------ Source material ------

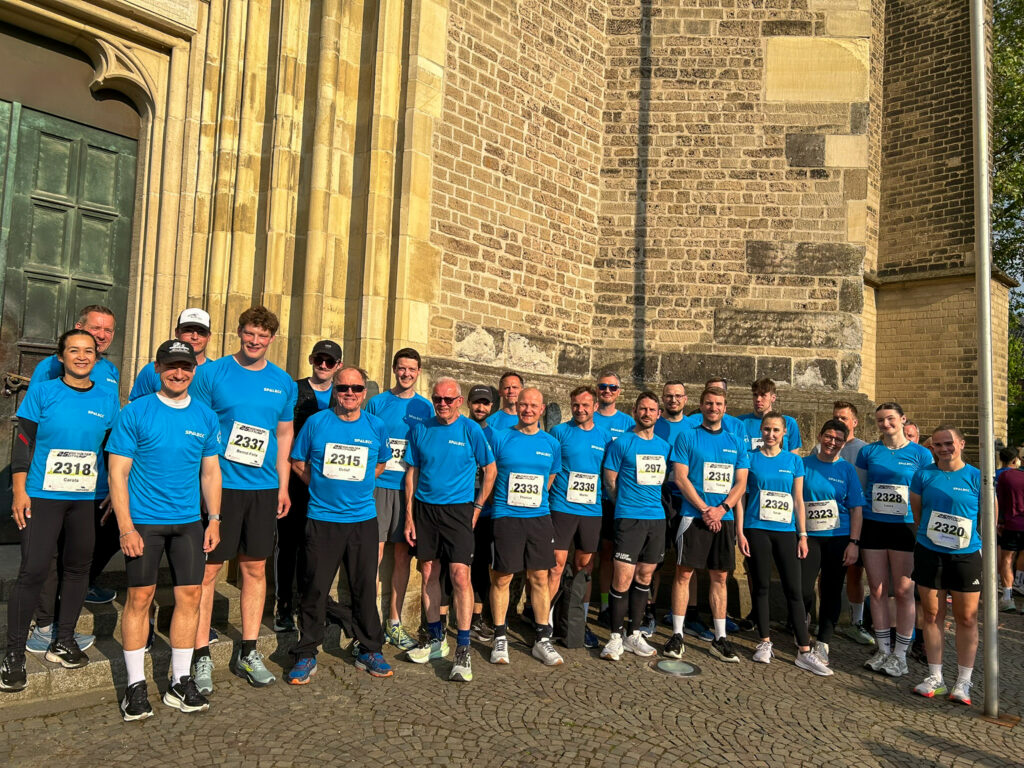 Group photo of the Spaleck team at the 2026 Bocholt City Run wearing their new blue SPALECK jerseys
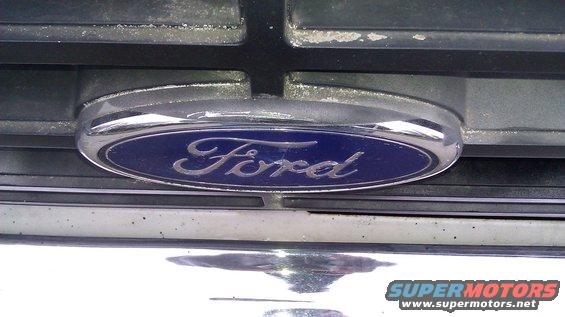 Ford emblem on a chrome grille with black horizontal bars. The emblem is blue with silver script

------
------ Source material ------

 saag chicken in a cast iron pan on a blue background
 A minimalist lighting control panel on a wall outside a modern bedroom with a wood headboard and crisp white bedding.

------

▸ **Problem statement**
In the data above, find the line with "Group photo of" and the line with "Ford emblem on". Please copy exactly those two lines and every line between them, but not the pictures.

▸ **Answer box**
 Group photo of the Spaleck team at the 2026 Bocholt City Run wearing their new blue SPALECK jerseys
 Ford emblem on a chrome grille with black horizontal bars. The emblem is blue with silver script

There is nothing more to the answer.